- **Work required**: Within the records that follow, restate exactly the lines from the line with "John Lewis LEGO" down to the line with "[PRE-ORDER] Iron Studios", including both. Omit the pictures.

- **Records supplied**:
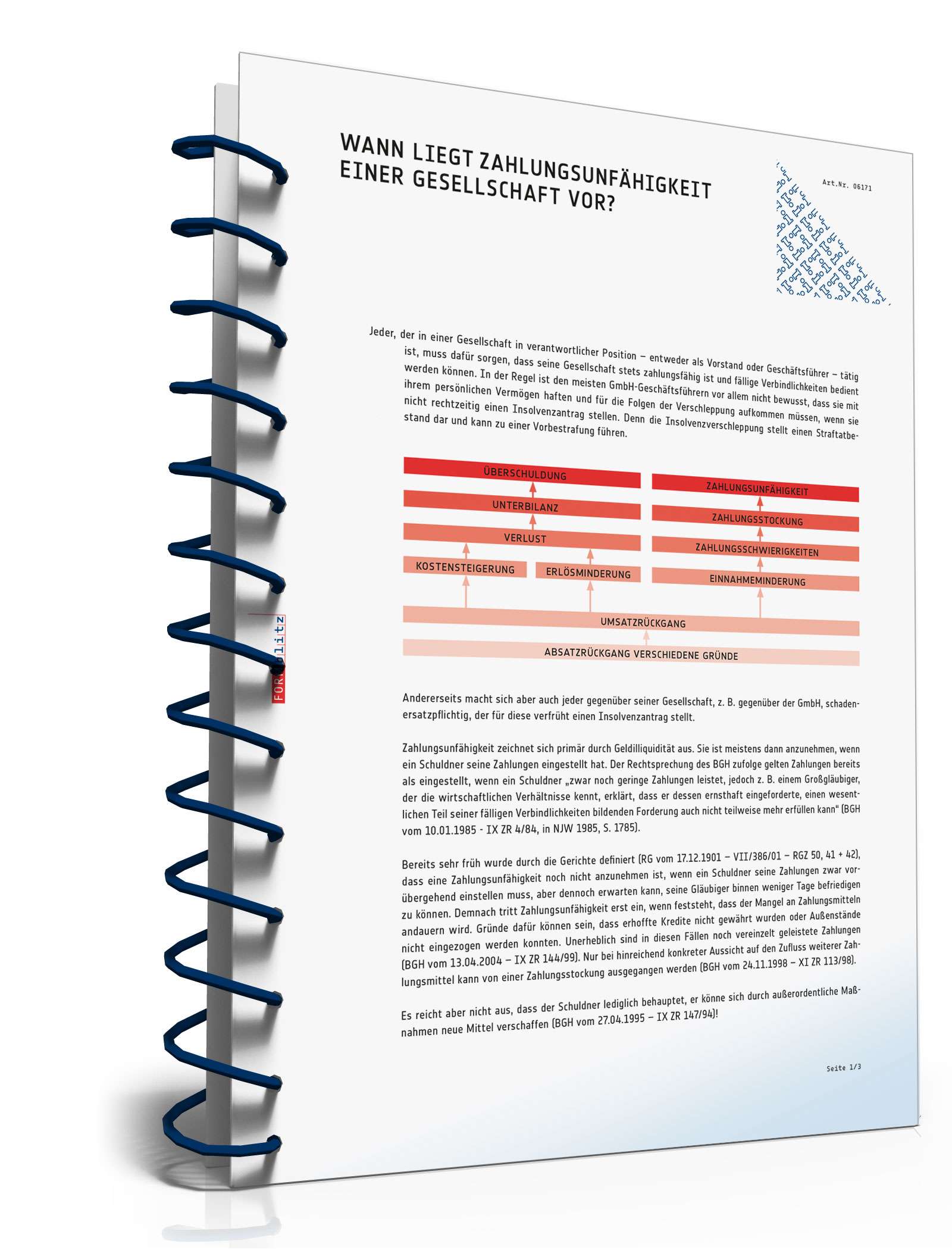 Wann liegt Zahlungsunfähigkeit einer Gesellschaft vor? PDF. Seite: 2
==
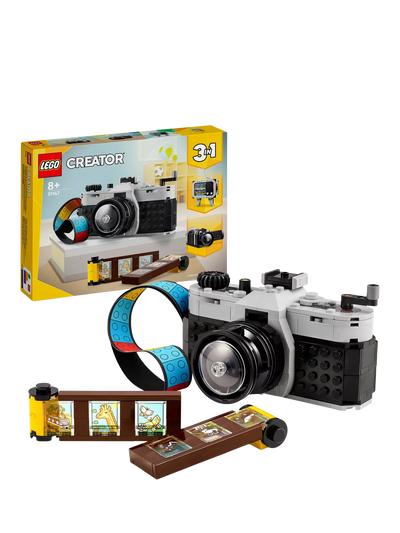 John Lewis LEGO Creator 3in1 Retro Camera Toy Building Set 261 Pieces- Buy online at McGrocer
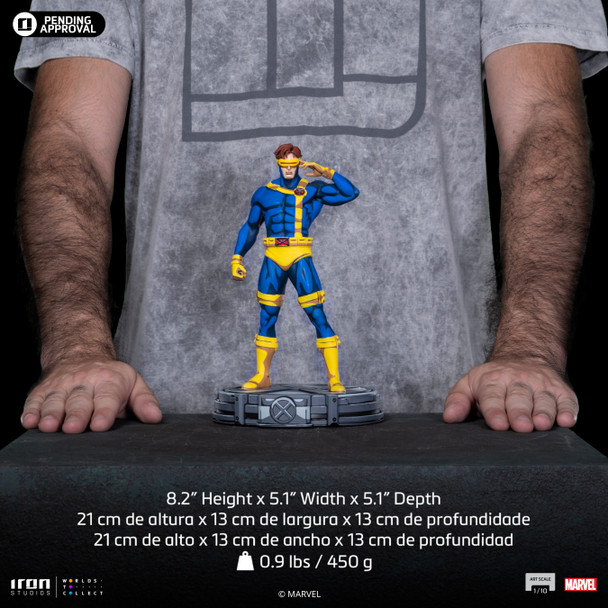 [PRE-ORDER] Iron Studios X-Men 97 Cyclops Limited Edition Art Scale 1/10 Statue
==
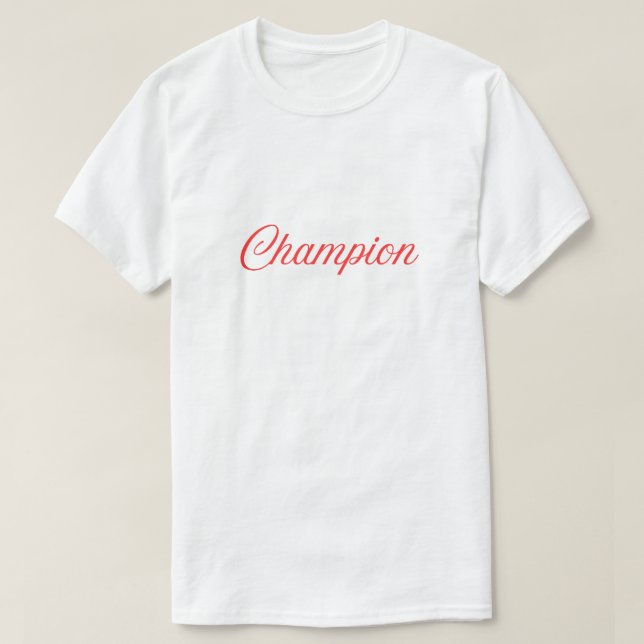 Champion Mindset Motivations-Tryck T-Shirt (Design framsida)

- **Answer box**:
 John Lewis LEGO Creator 3in1 Retro Camera Toy Building Set 261 Pieces- Buy online at McGrocer
 [PRE-ORDER] Iron Studios X-Men 97 Cyclops Limited Edition Art Scale 1/10 Statue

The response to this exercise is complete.